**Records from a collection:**
________________

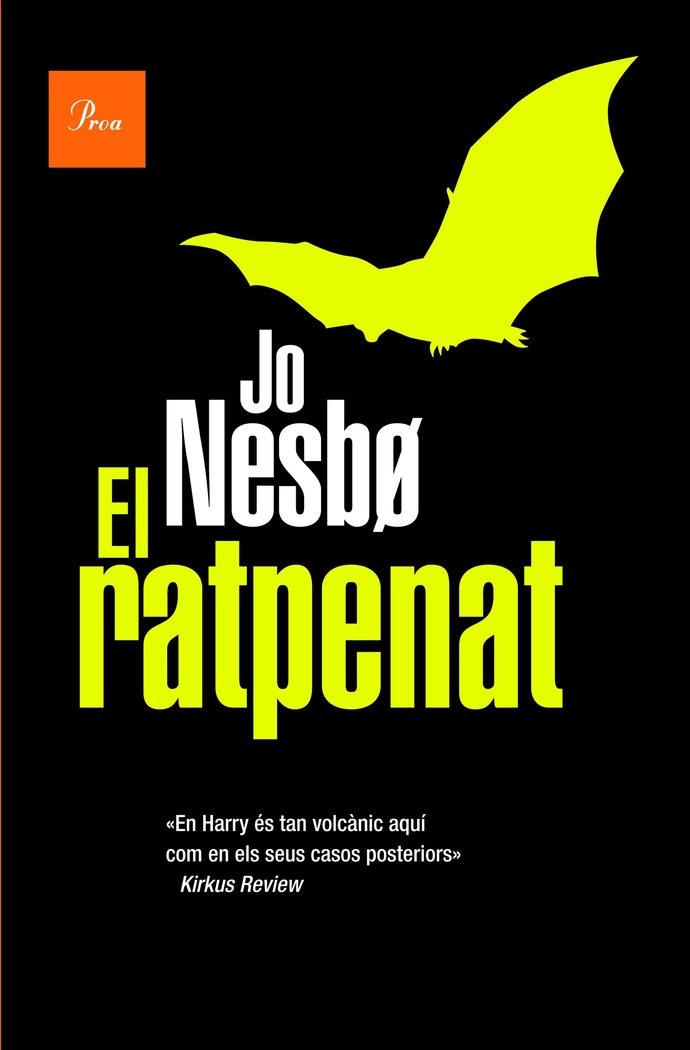 El ratpenat, de Nesbo, Jo | portada del libro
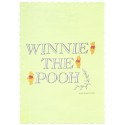 Conjunto de Papel de Carta Disney POOH CVD Tokyo Queen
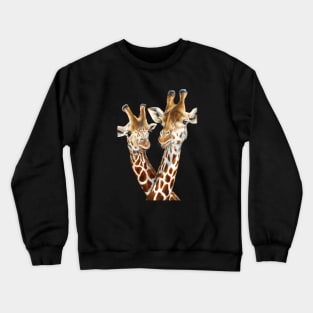 Giraffes Crewneck Sweatshirt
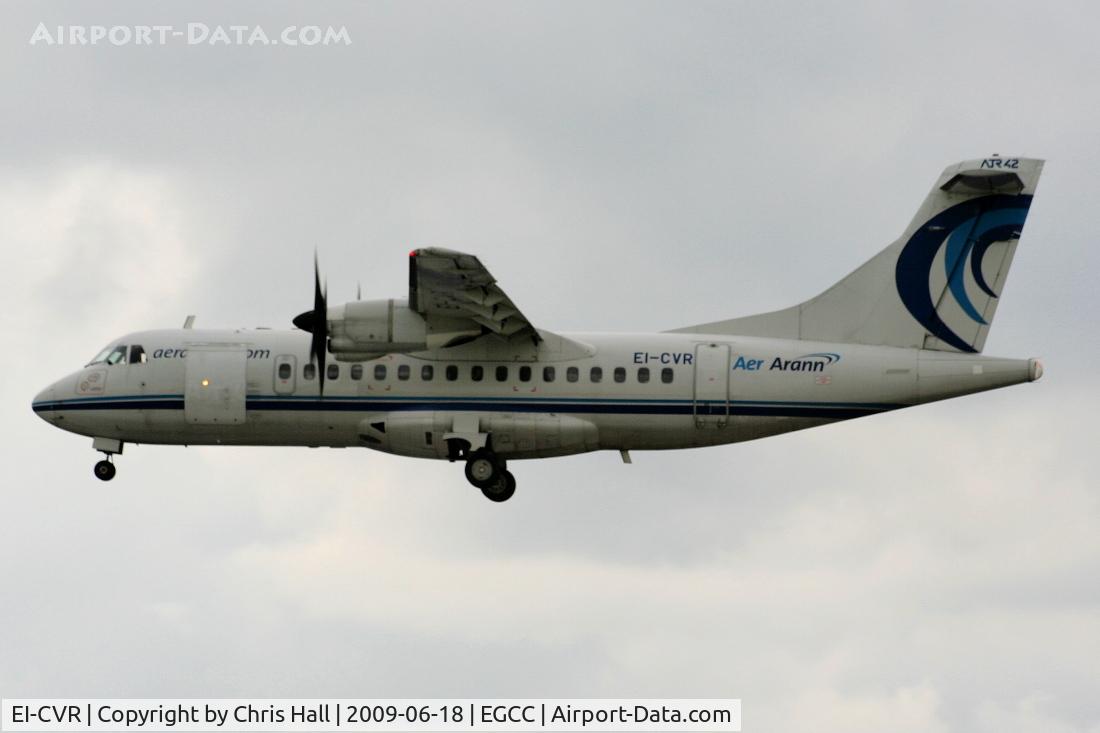 EI-CVR, 1986 ATR 42-312 C/N 022, Aer Arann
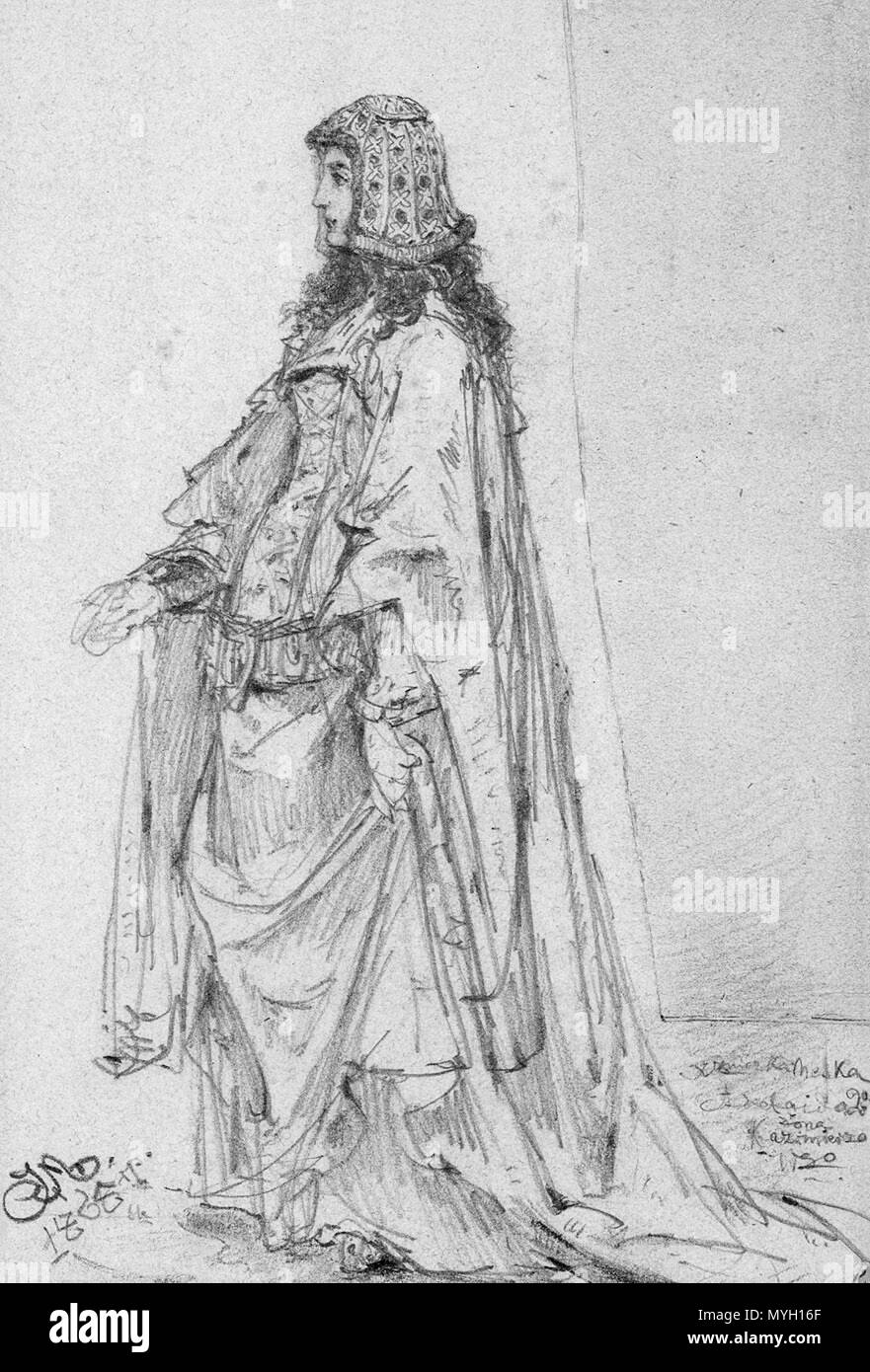 . Polski: Adelajda Heska, żona Kazimierza Wielkiego . 1865. Jan Matejko (1838-1893) nomi alternativi Jan Matejko Alojzy; Johann Matejko; Jana Matejki; j. matejko; jan matejko; J. Mateijko; Matejko Descrizione Polish-Austro-pittore ungherese e docente universitario Data di nascita e morte 24 Giugno 1838 1 Novembre 1893 Luogo di nascita e morte Cracovia Cracovia posizione Lavoro Vienna; Parigi; Autorità di Monaco di Baviera : controllo Q189117 VIAF: 27863576 ISNI: 0000 0001 0882 6913 ULAN: 500000325 LCCN: N82234077 NLA: 35345706 WorldCat 267 Jan Matejko - Adelajda Heska 1865 Foto Stock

________________

**PROBLEM TO WORK ON:**
Give back exactly the lines from the one containing "Conjunto de Papel" to the final line of the entries, both included, and no picture.

**RESPONSE TO THIS TASK:**
 Conjunto de Papel de Carta Disney POOH CVD Tokyo Queen
 Giraffes Crewneck Sweatshirt
 EI-CVR, 1986 ATR 42-312 C/N 022, Aer Arann
 . Polski: Adelajda Heska, żona Kazimierza Wielkiego . 1865. Jan Matejko (1838-1893) nomi alternativi Jan Matejko Alojzy; Johann Matejko; Jana Matejki; j. matejko; jan matejko; J. Mateijko; Matejko Descrizione Polish-Austro-pittore ungherese e docente universitario Data di nascita e morte 24 Giugno 1838 1 Novembre 1893 Luogo di nascita e morte Cracovia Cracovia posizione Lavoro Vienna; Parigi; Autorità di Monaco di Baviera : controllo Q189117 VIAF: 27863576 ISNI: 0000 0001 0882 6913 ULAN: 500000325 LCCN: N82234077 NLA: 35345706 WorldCat 267 Jan Matejko - Adelajda Heska 1865 Foto Stock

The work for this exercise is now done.